WORK INSTRUCTIONS: The response must be the exact lines from the one that contains "Antique art print" through the end of the material, with no pictures and no additional lines.
......
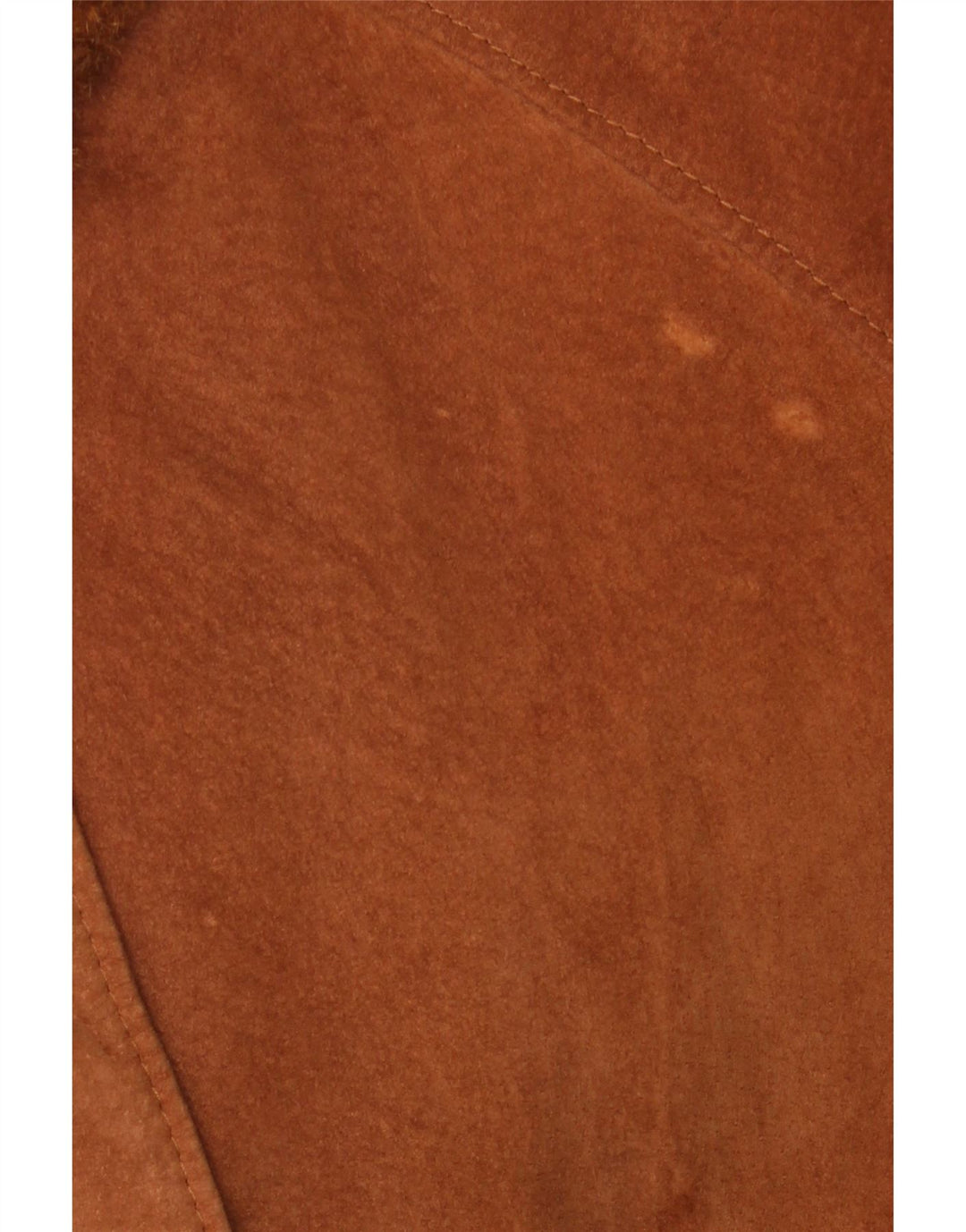 Pardesiu de piele intoarsa pentru femei Pascucci EU 44 XL maro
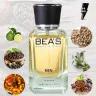 Парфюм BEA'S 50 ml M 251 Carolina Herrera Bad Boy for men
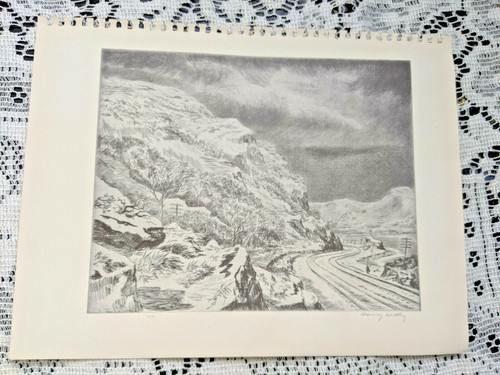 Antique art print - art,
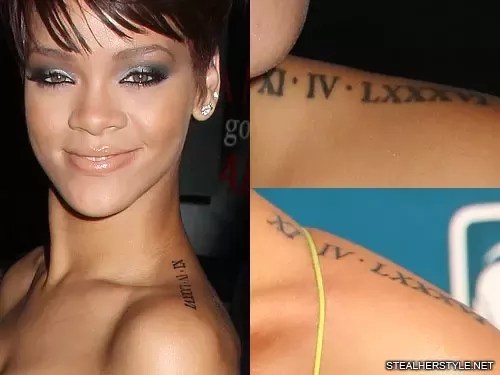 Does Rihanna Have A Tattoo? - Quora 375_x_500_webp
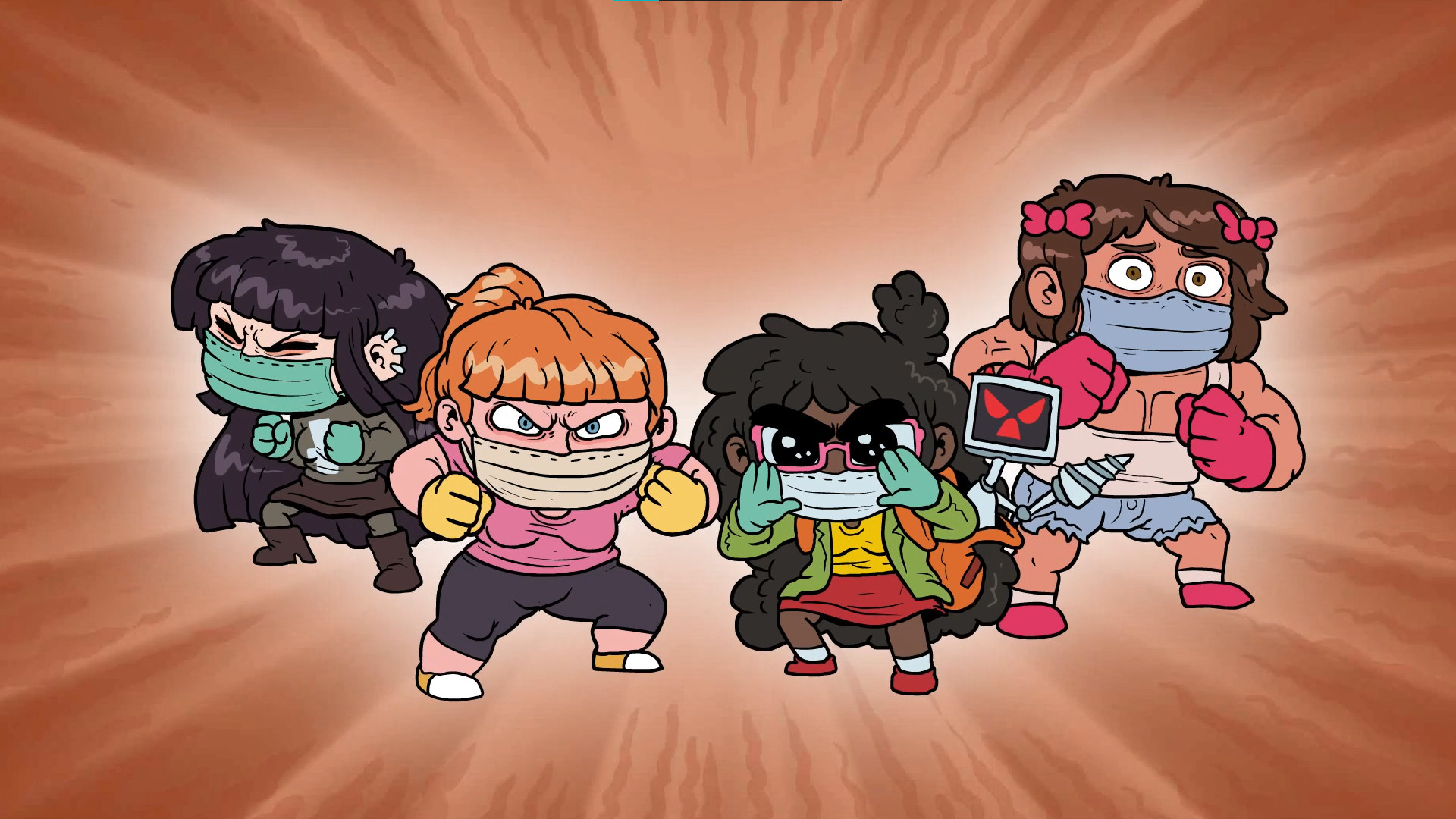 Pulling No Punches screenshot #6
......
SOLVED EXERCISE:
 Antique art print - art,
 Does Rihanna Have A Tattoo? - Quora 375_x_500_webp
 Pulling No Punches screenshot #6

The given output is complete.